An ID is just like a class except that only one element can have an given ID. To specify an ID in CSS, prefix it with a #

<h1 id="header-block">This is red</h1>
<h1>This is unstyled!</h1>
#header-block {
color: red;
width: 20px;
height: 40px;
}

/* The element of ID "header-block" in your HTML will be affected. */

Naming CSS IDs and Classes

You generally want to give things useful names.

There's a saying in computer science that there are two hard things in computer science: cache invalidation, naming things, and off-by-one errors. (Cache invalidation is another topic for another day.)

So if you struggle to come up with names for things like classes and IDs, you're not alone.
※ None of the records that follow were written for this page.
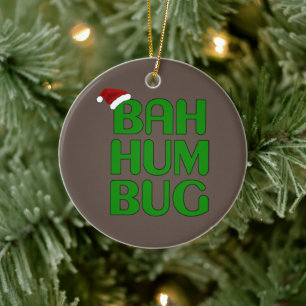 Christmas Bah Humbug Shirt Art-Xmas Humbug Santa Ceramic Ornament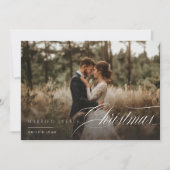 Getrouwde kleine kerst rustieke foto Pas getrouwd Feestdagenkaart (Voorkant)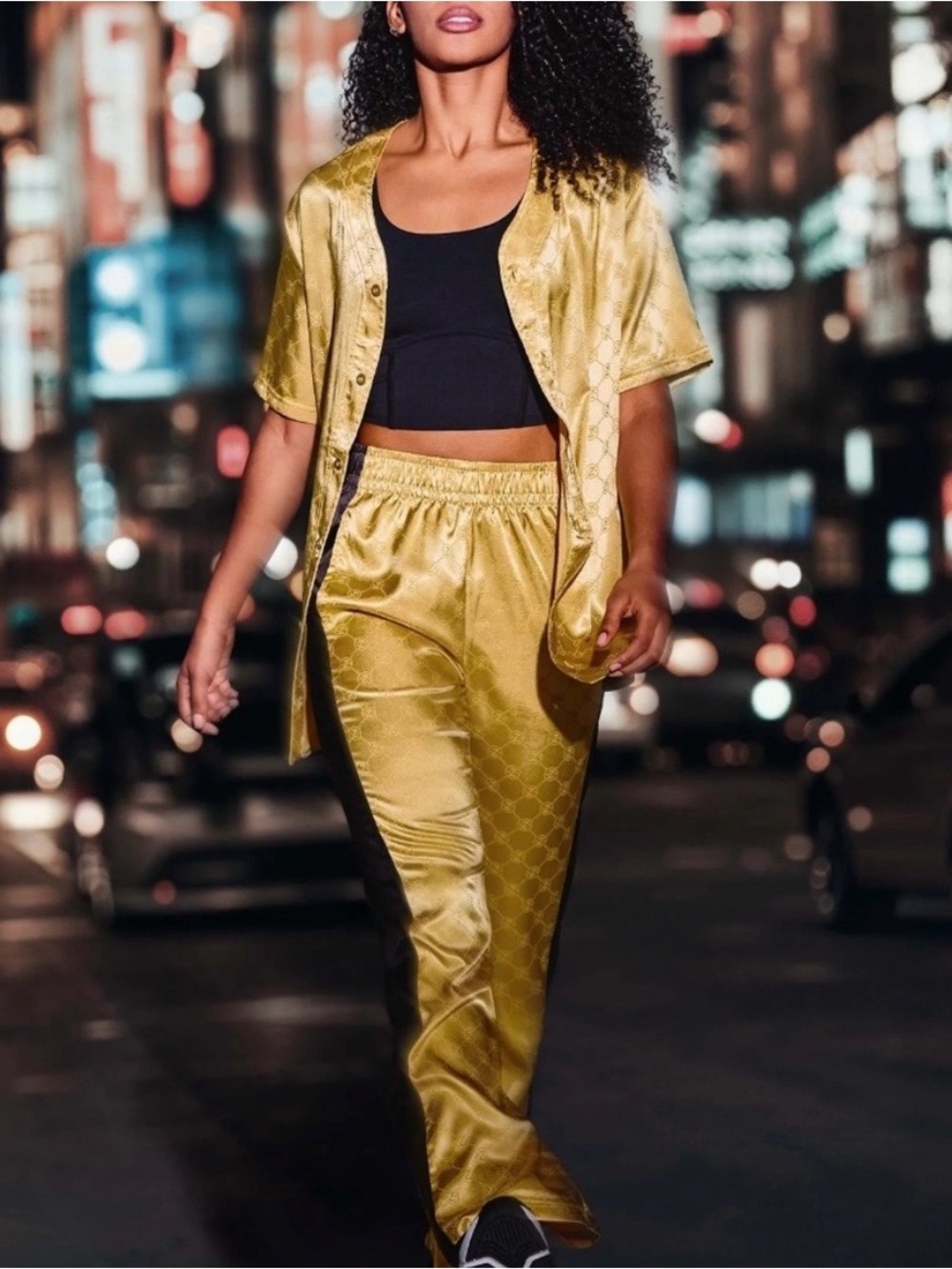 NWT Zumba Runway Straight Leg Track Pants, Gold, L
As a programmer you get to name a lot of things.

With classes, you want to name things semantically. This is a fancy word that you want to name things as close to what thing is and not what it looks like.

Example: Imagine this is a blog post on my website.

Example 1 Image

For the blog post title, what should I call the class? What tag should I use?
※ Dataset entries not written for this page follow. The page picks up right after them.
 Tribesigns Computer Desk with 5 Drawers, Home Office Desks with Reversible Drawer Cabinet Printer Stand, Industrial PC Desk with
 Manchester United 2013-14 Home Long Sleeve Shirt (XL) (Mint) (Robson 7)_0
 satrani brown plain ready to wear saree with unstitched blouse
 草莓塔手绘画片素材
I really can use any tag and it'll mechanically work. Using CSS, you can make pretty much any tag look and act like any other. So if it doesn't matter mechanically, why should it matter to me?

For the reasons we layed out earlier:

  1. It makes the site accessible to everyone if you choose good IDs and class names. It's your responsibility to make sure the web remains accessible to everyone, including but not limited to: people with limited sight, limited motion of hands, arms or other limbs, limited hearing, and other permanent or temporary disabilities.
  2. It'll make it easier for you to come back later and maintain your code or for someone else to understand what you did. Code is communication between you and future readers.
  3. It makes it easier for Google, Bing, DuckDuckGo, etc. to crawl your website which means your site will rank higher in search results.
tip

Screen readers and other accessibility tools do not read your class names or IDs; choosing good names here purely affects you and others working on this code

Given that, it means we need to choose a tag that means that's a title. In this case, we can use an h1 because that is the main header of that subsection.

For the name of the class, how about red-title? It's a title and it's red; fits, right?

While that may seem appropriate and fitting now, what if you need to change your blog's styling the following week and now that blog post looks like this:

Example 2 Image

If your title is still called red-title, you have a bit of a problem! Now your class name is not only not descriptive of what the item is, it's actually wrong which will make it way more confusing to you and other laters.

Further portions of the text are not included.